Unanswered prayer – is there such a thing? I have been meditating on it all day. I recently read some writing of a friend and he was giving his thoughts on Psalm 77. His reflections were powerful and he had asked some great questions. As I reread through the chapter and his reactions, I could not help but process through this idea of unanswered prayer. Is there such a thing as unanswered prayer?
I had just thought through Nouwen’s idea of creating room for God so those ideas were fresh in my mind. As I thought through the reflections on Psalm 77 and this idea of Nouwen’s room, I was struck by the idea that if prayer was truly about communion with God and intimacy with Him; if prayer was creating space for a Christ-like transformation, then there’s no such thing as unanswered prayer.

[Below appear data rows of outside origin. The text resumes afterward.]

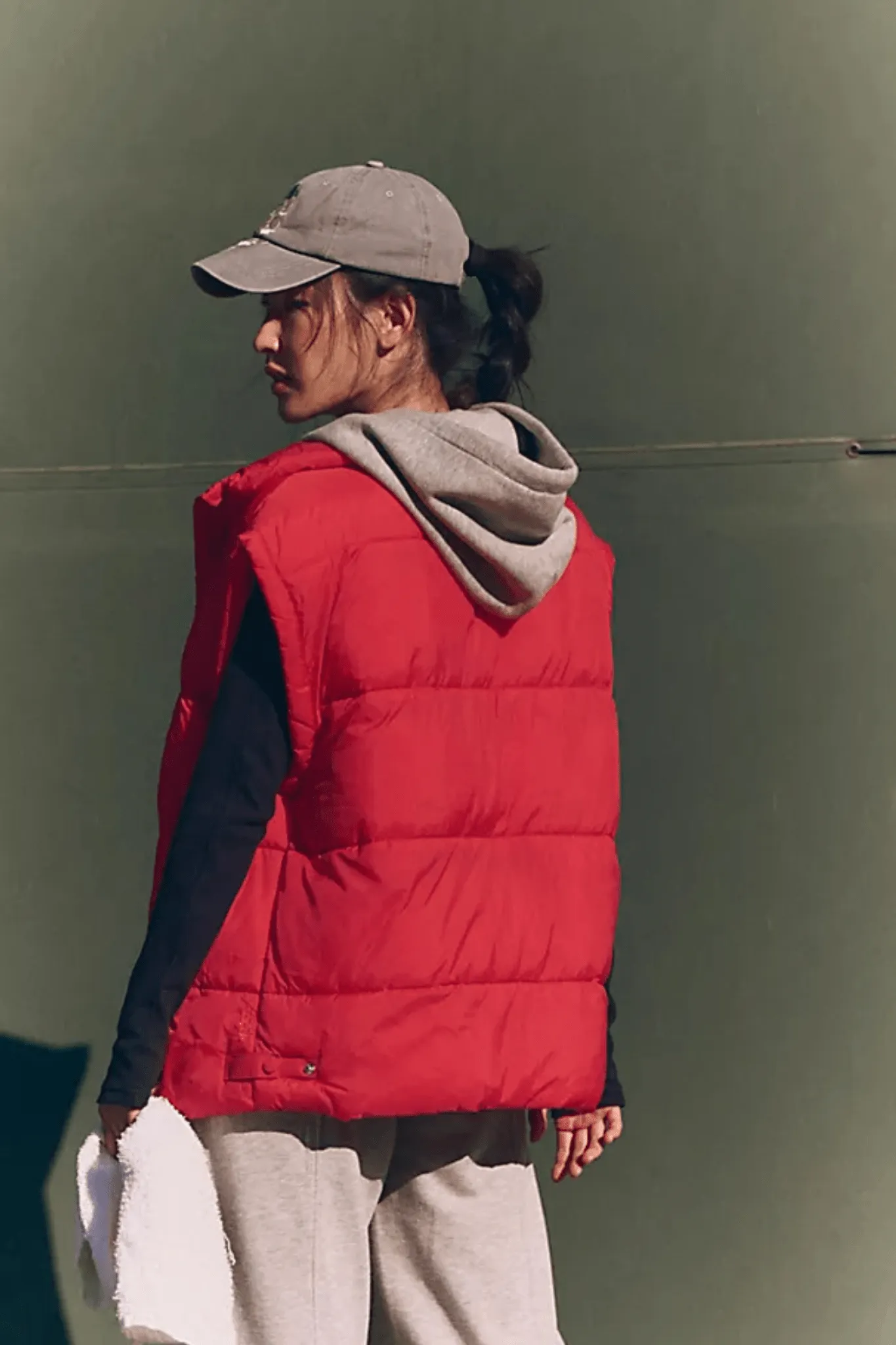 Free People: In a Bubble Puffer Vest in Winterberry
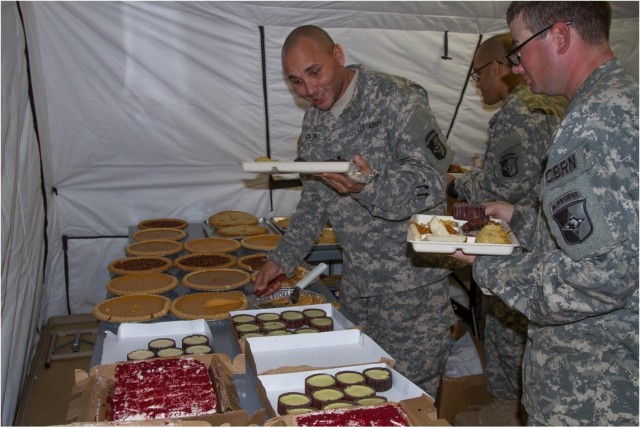 Joint Forces Command - United Assistance celebrates Thanksgiving in Liberia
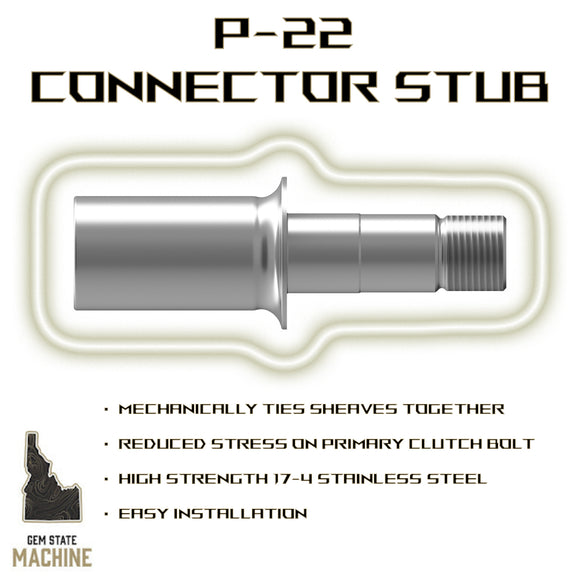 Fire N Ice Polaris P22 Sheave Connector Stub - Gem-P22-Fix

This was pat of my response to my friend’s reflections:
Prayer in and of itself is not an answerable thing. If it is we must not be praying right. Even in Psalm 77 – the psalmist is working it out. It is an intimate interchange between him and God. And God – even in the seeming silence because the
psalmist cries out to God to hear him – makes himself evident still in the waters, the depths, the clouds, the skies, the thunder, the arrow, the whirlwind, the lightning, the earth, and the seas. The psalmist cries out for God to hear him and in his crying out realizes the presence of a God who was always there. It wasn’t unanswered – the psalmist was too blind
to see it.
Inherent in unanswered prayer is prayer that requests and asks for things. There is absolutely nothing wrong with this kind of prayer. I guess prayers such as this can go unanswered, but prayer as communion with God can’t really go unanswered.